Если люди хорошенько поймут, что, начиная любую войну, они открывают шлюз целому океану несправедливостей, которые уже никогда и никаким образом не удастся исправить, может быть, они станут бороться за справедливость хотя бы чуть более сдержанно, понимая, что совершают нечто непоправимое.

Владыки культуры

Попытаюсь вообразить себя немолодым интеллигентным человеком. Это трудно, но я постараюсь. Итак, я родился при культе личности, расцвел при волюнтаризме, зрелость моя пришлась на застой, под его игом я сделал неплохую научно-техническую карьеру, но не забывал и о культуре. Когда интеллигенция делилась на большинство, выписывающее «Новый мир», и меньшинство, выписывающее «Иностранку», полупридушенную братскими прогрессивными авторами, я старался поглядывать во все стороны и вздыхал, что будь у нас свобода культуры, какими бы сокровищами духа мы упились!

Тем не менее я прочел и Ремарка, и Хемингуэя, и Кафку, и Сартра, и Камю, и Пруста, и Фолкнера, и Акутагаву, честно побарахтался в Джойсе, а кое-кого из перечисленных даже приобрел за десятку на черном рынке при «Водоканале». Но все-таки моя научно-техническая душа больше тянулась к Айтматову, к Белову, к Тендрякову, к Гранину, к Распутину, к Шукшину, к Трифонову, к Грековой – сейчас уже и не припомнить, но всегда было что обсудить на работе. О, вспомнил: самая длинная очередь стояла за «Бессонницей» Крона: это же все было про нас.

Потом пришла свобода, как водится, нагая, и, до тошноты упившись ее наготой, я наконец снова обрел сравнительно тихую заводь, вернее, целых три: теперь я работаю в трех местах, зарабатываю, если измерять в бутылках водки, намного больше прежнего, лишившись, однако, важного советского преимущества – возможности в рабочее время жить духовной жизнью.

И все же я выловил из воздуха, что русская литература каким-то образом исчезла вместе с советской властью, что читать теперь нечего, и меня это устраивало: раз уж все равно нет для чтения ни свободного времени, ни свободной души, ни, пардон, свободных денег, так лучше уж верить, что я ничего от этого не потерял. Но теперь, когда у меня появилось и кое-какое свободное время, и кое-какие свободные деньги (хоть та же пенсия), и даже кое-какая свободная душа, я отправился в пышный храм книжной торговли, заставленный и заложенный такими баррикадами роскошных книг, какие при старом режиме и присниться не могли. Ведь раньше в твердом переплете вообще расхватывалось все, лежали только сочинения из братских республик да брошюры типа «Как бороться с огнем», а тут кладки самых образованных иностранцев… И все бестселлеры, бестселлеры!
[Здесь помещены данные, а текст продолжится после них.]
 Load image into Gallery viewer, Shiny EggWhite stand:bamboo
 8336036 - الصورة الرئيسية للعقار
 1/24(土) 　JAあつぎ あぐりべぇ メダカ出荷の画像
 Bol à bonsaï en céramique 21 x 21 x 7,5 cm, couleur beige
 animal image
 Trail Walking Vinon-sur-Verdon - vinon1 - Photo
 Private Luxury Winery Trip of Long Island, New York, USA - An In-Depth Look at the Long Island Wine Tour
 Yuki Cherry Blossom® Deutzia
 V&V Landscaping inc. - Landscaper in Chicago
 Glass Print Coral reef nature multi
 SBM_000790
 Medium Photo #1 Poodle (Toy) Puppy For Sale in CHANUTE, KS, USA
Без посторонней помощи в культурных людях никак не удержаться. Раньше можно было ориентироваться хотя бы по советской печати: все стоящее она непременно обругивала, а сейчас писатели что-то вроде пишут, за что-то дают премии, но именно на премированные книги критика и накидывается особенно яростно (не просто книжка так себе, но именно дерьмо!), в противовес превознося каких-то других незнакомцев. Раньше-то какая-нибудь Ленинская премия для нас ровно ничего не значила, мы были сами с усами, если ее получал тот, кого мы не любим, мы лишь презрительно усмехались: это в экономике, в идеологии вы хозяева, а в культуре хозяев нет. Хочешь попасть на олимп – очаровывай нас собственными силами, поддержка начальства лишь роняла писательский авторитет.
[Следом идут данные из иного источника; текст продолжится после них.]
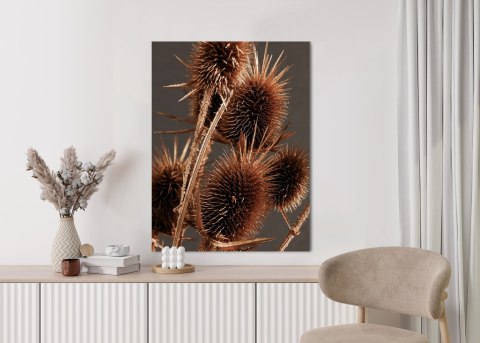 Plakat Suchy Łopian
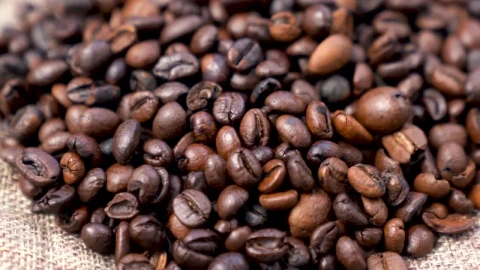 Stock Video Coffee Beans Rotating Live Wallpaper For PC - Free Live Wallpaper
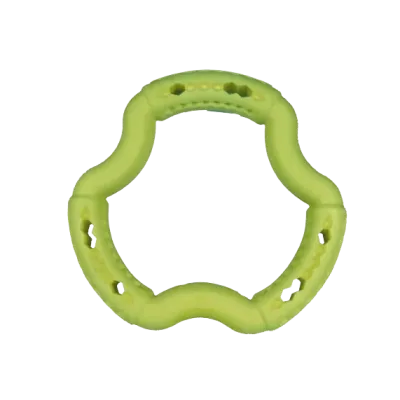 Jouet chien TPR anneau Green Apple 21cm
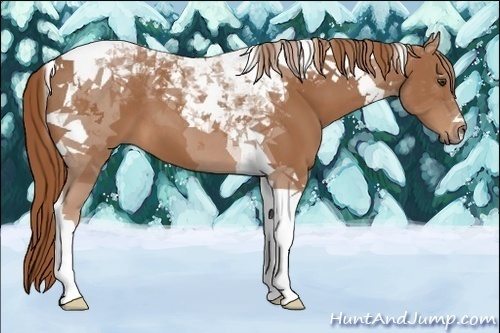 Horse Color:Chestnut Tobiano 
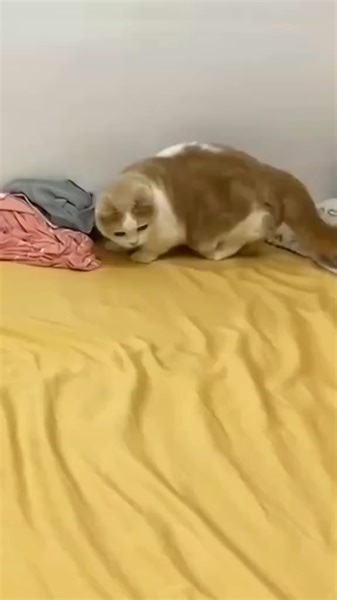 😍😍😍 | Kitty 1st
Однако первичный-то отбор делала все-таки критика: кого она ругала, в того следовало хотя бы заглянуть. Но что читать сейчас, когда нет никого, кто не был бы обруган последними словами? Незапачканными оставались только писатели западные, ибо российская критика била исключительно по своим. Но как выбрать двух-трех из сотен и тысяч безупречных? Эврика! Есть же высший знак качества – Нобелевская премия!.. И сомкнутые книжные ряды тут же выпустили мне прямо в руки небольшую книжку с роскошной нагой красавицей на мягкой обложке – Марио Варгас Льоса, «Похвальное слово мачехе» (СПб., 2011). Аннотация на обороте разъясняла, что Нобелевка 2010 года была присуждена «за изображение структуры власти и яркие картины человеческого сопротивления, восстания и поражения». Восстание и поражение – это прямо про меня!

Я, разумеется, слышал это имя – Варгас Льоса, но я думал, он братский и прогрессивный, а он, оказывается, хоть и перуанский, но «всемирно известный»! Дождавшись свободного вечера, я взялся за «Мачеху» с некоторой осторожностью: с нобелиатами не забалуешь, в отличие от обычных писателей не ты им, а они тебе выносят приговор.

Начиналось без затей, типа «я ехал на перекладных из Тифлиса»: «В день своего сорокалетия донья Лукреция нашла у себя на подушке записку». От совсем юного пасынка. Он поздравлял ее с днем рождения и обещал учиться на отлично: «Ты самая добрая и самая красивая, и я каждую ночь вижу тебя во сне». Но когда она, растроганная, приходит поцеловать его на ночь, ангельски красивый мальчик Фончо начинает ее целовать с такой виртуозной невинностью, что по ее телу пробегает что-то этакое, «она пылает с головы до ног и увлажнена». Далее она идет в спальню к папе ангелочка – дону Ригоберто: «Ей показалось, будто удар бычьего рога пробил ее до самого сердца» – вот оно, восстание и поражение!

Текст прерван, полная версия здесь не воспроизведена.